# [Task directions]
Using the data below, print exactly the line with "61-20 Grand Central", the line with "Blusa rosa con volantes de Morgan talla 40", and every line between them, but none of the pictures.

# [Given data]
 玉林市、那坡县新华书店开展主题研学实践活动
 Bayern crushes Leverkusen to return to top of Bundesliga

* * *

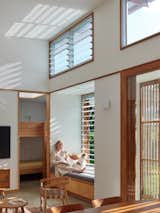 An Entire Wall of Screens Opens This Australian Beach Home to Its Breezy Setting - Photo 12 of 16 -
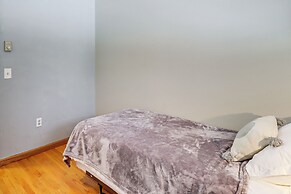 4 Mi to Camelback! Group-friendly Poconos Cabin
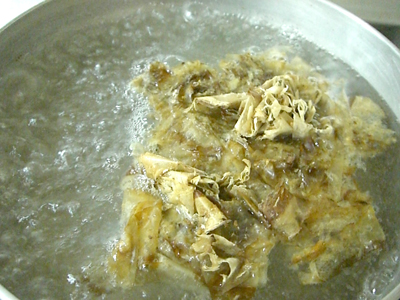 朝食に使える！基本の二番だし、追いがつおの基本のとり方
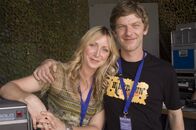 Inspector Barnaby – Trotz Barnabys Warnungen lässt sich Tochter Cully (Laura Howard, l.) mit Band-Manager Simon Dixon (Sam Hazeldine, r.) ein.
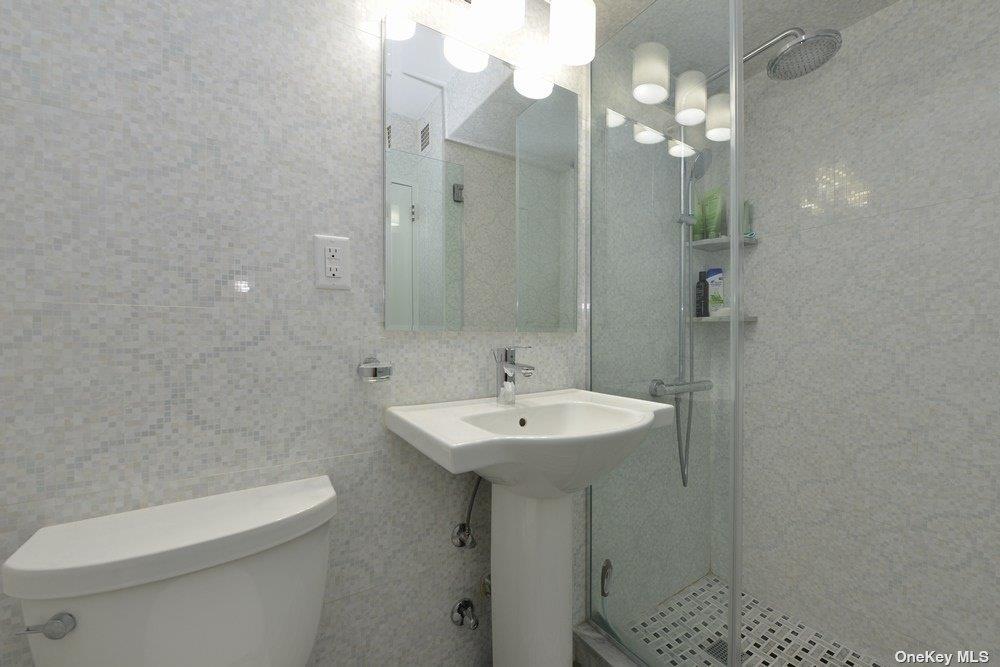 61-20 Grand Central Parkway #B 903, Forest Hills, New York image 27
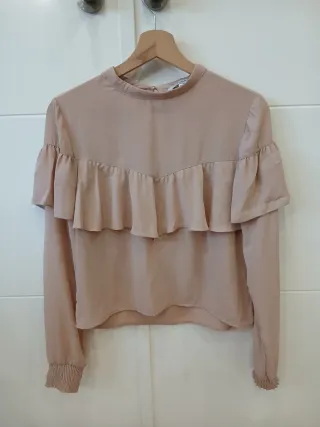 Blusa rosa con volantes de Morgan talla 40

* * *

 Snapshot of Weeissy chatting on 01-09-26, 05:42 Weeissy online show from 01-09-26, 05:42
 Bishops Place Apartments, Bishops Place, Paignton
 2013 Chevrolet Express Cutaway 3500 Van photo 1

# [Completed task]
 61-20 Grand Central Parkway #B 903, Forest Hills, New York image 27
 Blusa rosa con volantes de Morgan talla 40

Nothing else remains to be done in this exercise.